One interesting, somewhat whimsical way at getting at this complexity and at the pervasive place that technology occupies in modern societies might be to imagine that the earliest sense of the word technology persisted and that their existed a disciplined called Technology.
It would, I suggest, occupy the same place in our universities that Theology occupied in the medieval schools. It might even give substance to the claim implicit in the etymology of the word university by unifying the disparate disciplines and organizing the human experience around what we make rather than what we know, driven by material rather spiritual aims.
If we imagine that medieval society envisioned Theology as the pinnacle of a pyramid of human knowledge, unifying human experience by providing a transcendental goal from above, we might consider Technology instead as the base of the pyramid, the foundation upon which all else rested, providing unity from below.
Theology took as its object of study an unseen reality that permeated and ordered human experience and yet could never be fully understood. Analogously, Technology would take as its object of study a mostly seen reality that permeates and orders our experience which also resists our understanding. As St. Paul said of God, so we might say of technology: in it we move and breathe and have our being.
In fact, there is no one master discipline called Technology. While matters technological are threaded through every discipline to greater and lesser extents, these are never woven into any coherent theoretical fabric. Approaches to the study of technology also mirror the diversity of disciplines: historical, sociological, philosophical, economic, etc.
I’ve been thinking lately of laying out a taxonomy of sorts for the many approaches to technology, or the question concerning technology if you like. This would be mostly for my benefit, although I imagine others might find it useful. Consider it a heuristic that might introduce one to the field of technology studies (not that there is something quite so coherent that encompasses all of the theorists/thinkers/writers I have in mind).
I’m struggling to find the best organizational schema. Academic disciplines or fields of study might work, but I’m leaning toward loosely defined schools or traditions of thought that may not necessarily overlap with disciplinary boundaries. The richest explorations of technology, after all, tend not to abide traditional disciplinary boundaries. Take someone like N. Katherine Hayles, for example, who’s background includes both computer science and literary studies and ranges in her work from deep readings of cyberpunk fiction to in-depth discussions of mid-20th century cybernetic theory.
Eventually, I’d like to identify the leading representatives of these schools of tech criticism, along with their key ideas and concepts, a history of their development, etc., but to wrap up this meandering post I’m going to list a few of the schools of tech criticism that I’ve been toying around with and leave it to you, if you are so inclined, to help me refine my categories, fill in my blind spots, and otherwise improve my organizational schema.

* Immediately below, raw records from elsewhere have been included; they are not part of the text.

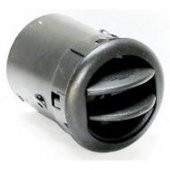 KALORİFER HAVA DİFÜZÖRÜ FIAT DOBLO 2005-2012 PUNTO II 735322763 - 4
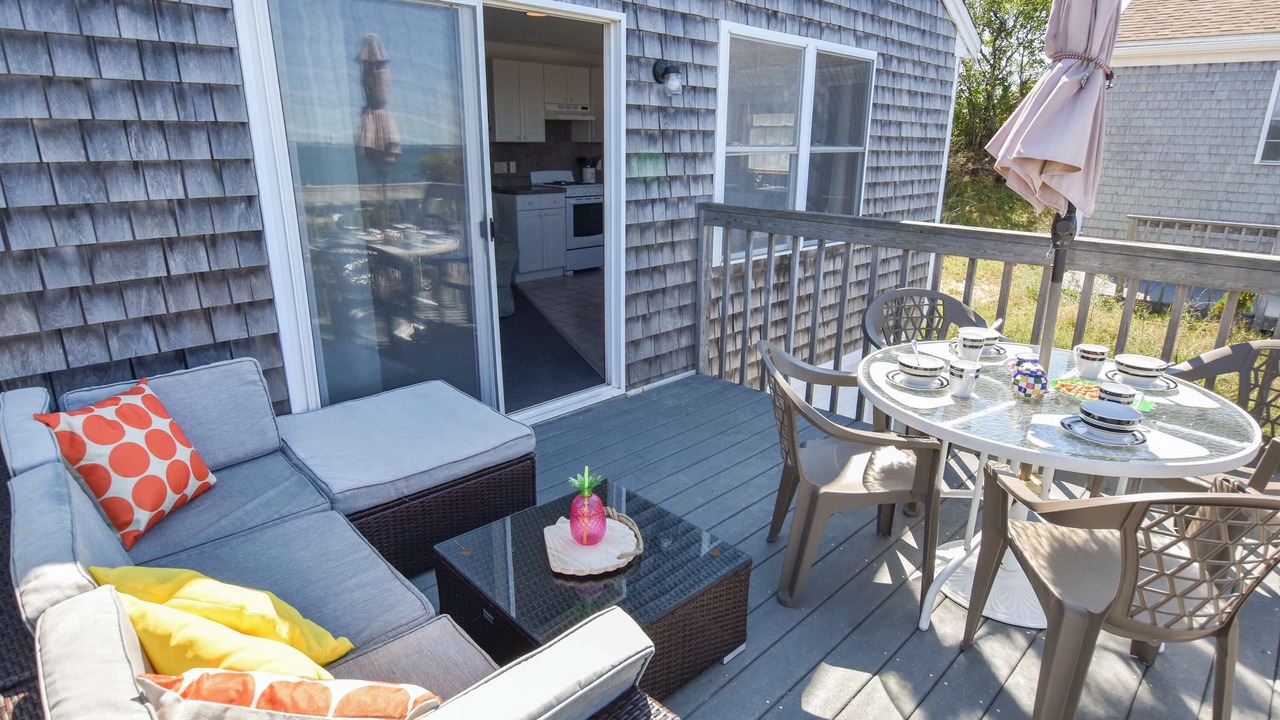 Photo of Others in North Truro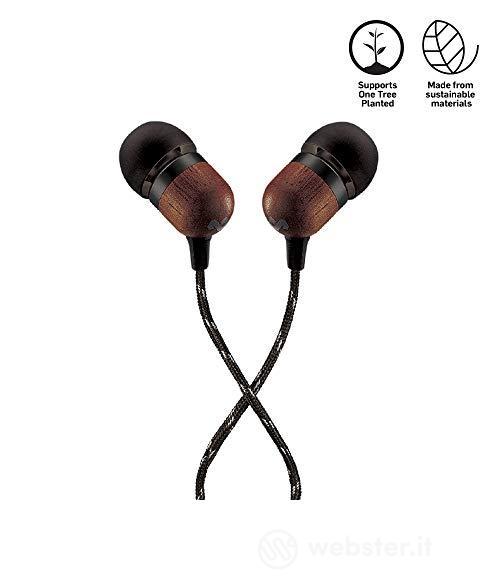 Cuffia Smile Jamaica (AZ)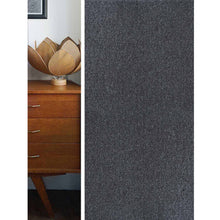 Load image into Gallery viewer, DIP SHADE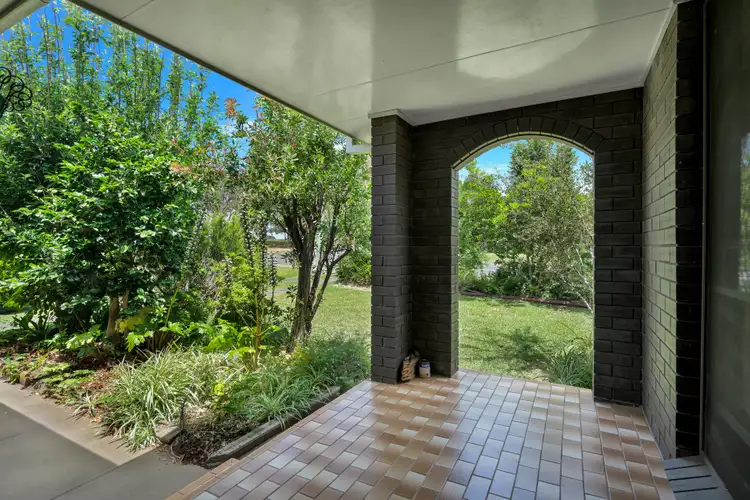 Second view of Homely house listing, 135 Cambewarra Road, Bomaderry NSW 2541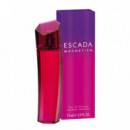ESCADA Magnetism Eau de Parfum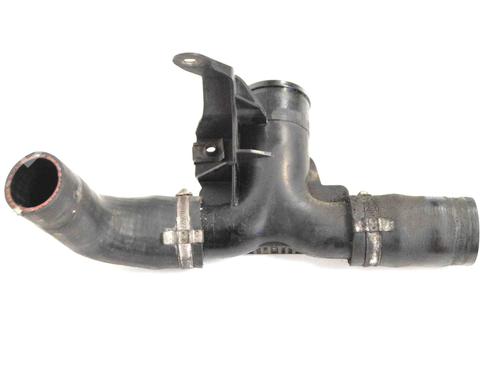 Used Pipe JAGUAR XJ (X350, X358) D 2.7 (207 hp) 30281785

Again, the object here is to find a useful way of grouping, for purely heuristic purposes, a diverse field of scholars and writers that includes Martin Heidegger, Albert Borgmann, Langdon Winner, Jacques Ellul, Walter Ong, David Nye, Karl Marx, Michel Foucault, Walter Benjamin, Neil Postman, Katherine Hayles, Lewis Mumford, Leo Marx, Donna Haraway, Marshall McLuhan, Herbert Marcuse, Carl Mitcham, Don Ihde, Bruno Latour, Andrew Feenberg, David Noble, and the list could go on. It is, to say the least, an eclectic field.
So here is my first attempt with a few examples to give you an idea of what I’m thinking with each grouping:
Media-critical tradition including Ong, Postman, and McLuhan.

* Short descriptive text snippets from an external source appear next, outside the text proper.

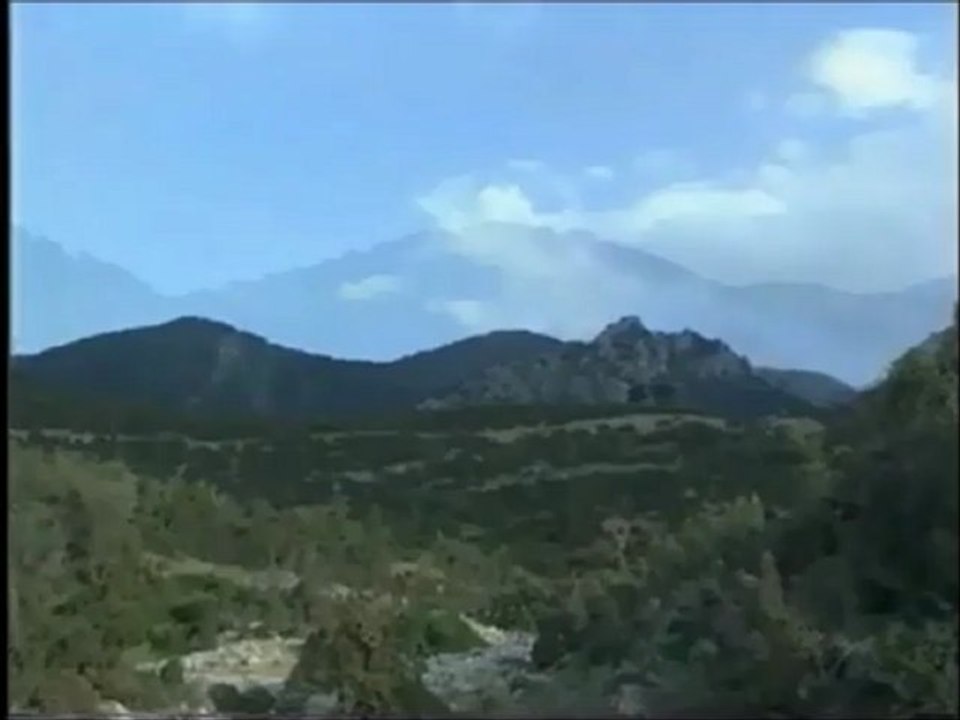 CAMDAGI  ÖZHAN EREN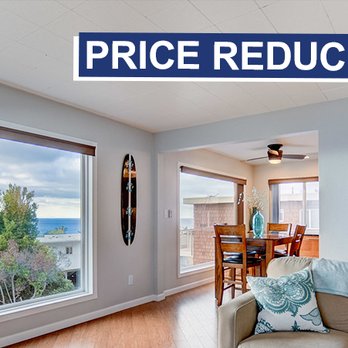Legacy West Property Management - PRICE REDUCED! The ocean view condo in Del Mar,CA is now listed at $719,985! -- more info: http://gregpiza.com - Property Management Near Me - Vista, California Legacy West Property Management - PRICE REDUCED! The ocean view condo in Del Mar,CA is now listed at $719,985! -- more info: http://gregpiza.com - Property Management Near Me - Vista, California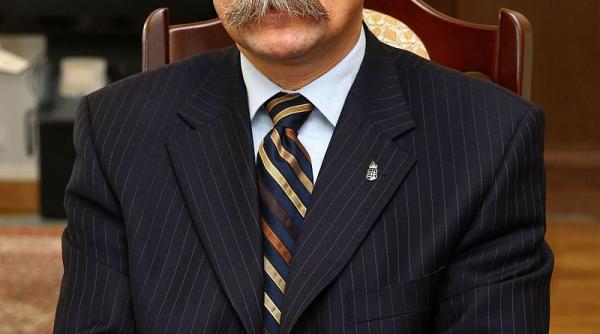 presedintele parlamentului ungariei despre declaratiile lui tudose trebuie sa raspundem cu calm pasnic si tolerant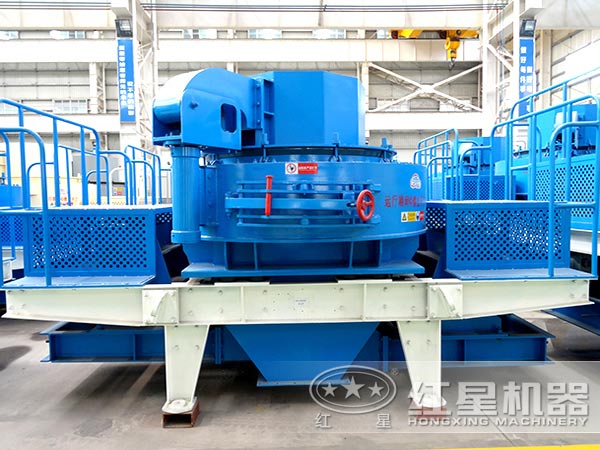 立式星空平台-星空(中国)
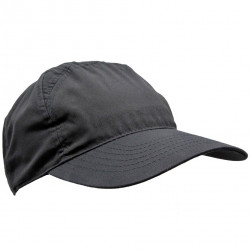 NL Polizei Cap (neuw.)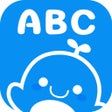 启蒙互动英语 icon
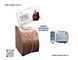 Сауна "Ба-Гуа" PORTABLE SAUNA WHIEDA PORTABLE SAUNA WHIEDA фото 3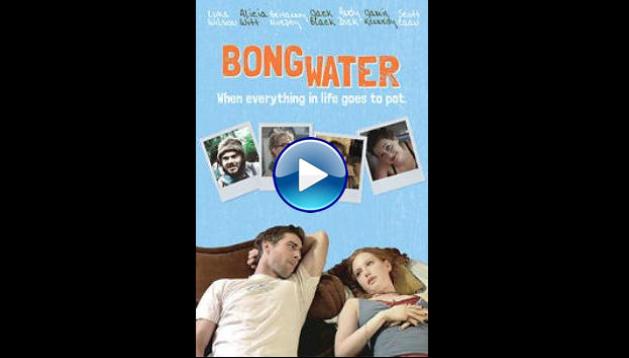 Bongwater (1998)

Critical-theoretical tradition including Frankfurt Schoolers (better than Frankfurters, no?) and their heirs such as Benjamin, Adorno, Marcuse, Habermas, and Feenberg.
Phenomenological tradition including Heidegger, Borgmann, and Ihde.

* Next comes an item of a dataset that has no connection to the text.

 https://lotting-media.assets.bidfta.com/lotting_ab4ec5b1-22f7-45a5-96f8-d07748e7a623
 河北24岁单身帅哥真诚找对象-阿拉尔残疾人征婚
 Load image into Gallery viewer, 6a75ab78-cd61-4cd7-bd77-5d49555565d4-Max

Autonomous Technology tradition including Winner and Ellul.
Posthumanist tradition including Hayles and Haraway.
Social Constructivist tradition including Nye and Thomas Hughes.
I can see a lot of problems with this first offering, but it’s a start. Here are some questions to consider for take two: Does Actor-Network Theory get its own category? What about the journalistic critics (and I don’t mean that disparagingly) such as Nicholas Carr or Alexis Madrigal? What about someone like Sherry Turkle? Is there grounds for a psycho-analytic tradition? Where does someone like Mumford fit in? Or Leo Marx? Could there be a French tradition that might include both Foucault and Ellul? What about a literary-poetic tradition?
Suggestions welcome.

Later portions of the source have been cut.